No one wants the world to be reading more than me, particularly if they are reading my future published works. This alone compels me to put every readophobe into a reading programme consisting of my short stories. However, I know that’s not the answer *secretly plots a reading programme regardless*.
Children in school are a different matter. Kids need to learn to read and read consistently throughout their education.
I’ve encountered illiterate adults who feel such shame and are often living lives of subterfuge because they cannot read. It breaks my heart that they were not given the opportunities to read and grasp a rudimentary understanding of words.
Who I’m addressing are those who can read but choose not to do so for leisure.

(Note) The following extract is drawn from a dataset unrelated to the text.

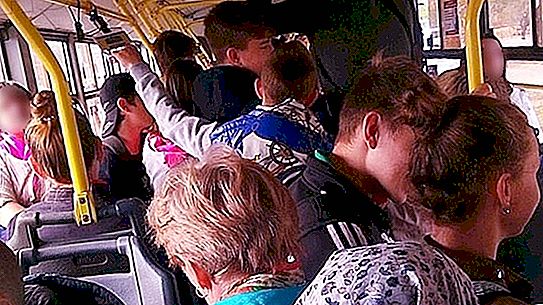 "Păi, ce ești un elefant! Nu poți fi mai atent ?!": fata nepoliticosă la bărbatul care a pășit cu piciorul în autobuz și apoi a rostit o frază din care toți pasagerii s-a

I don’t want to do an underwater dive, mainly because I swim like a brick. I have no desire to bungee jump as I quite like my underwear remaining clean. You will never find me collecting stamps or spotting trains because… moving on… play nice Lisa.
There are many pursuits I would never consider or I’ve tried and found weren’t for me. Therefore I have to respect that there are many people out there who feel the same way about reading.
I’ve done my time trying to convince people to read when I was a teacher. I refuse to be a reading Nazi.
I cannot engage in bashing books metaphorically over others’ heads trying to get them to read.
I will not be that person who pulls the face of pseudo pity when someone tells me they don’t read. No one is ill or dying.
If a readophobe does not want to read, that’s their choice. Let it go, those of you who feel like you need to be a poster boy or girl for reading. You’re going to keep losing your readophobe friends. Respect their decision, horrific as it is may seem to us bookworms.
From my experience I’ve often found that readophobes are the stubborn type. They decided not to read the second they left education and have committed to that. They will not be moved. They fend off the glare of a shiny kindle or a laminate covered library book like Dracula in sunlight. They are resolute. Or so they think…
Here’s a secret; readophobes aren’t as anti-reading as they may think. Just like the teens in my classes, they do read.
Let them think they’ve chosen to never read again after school is out but secretly smile as you watch them reading their favourite magazine, working out the mysteries of IKEA instructions, or reading the back story to their computer game.
When they watch a film they are visually reading a screenplay. When they sing their favourite song they are aurally reading the lyricist’s words.
Oh no, they don’t ever do reading.
Oh yes you do, readophobes.
Victory, albeit sneaky, my fellow reading devotees, is all ours.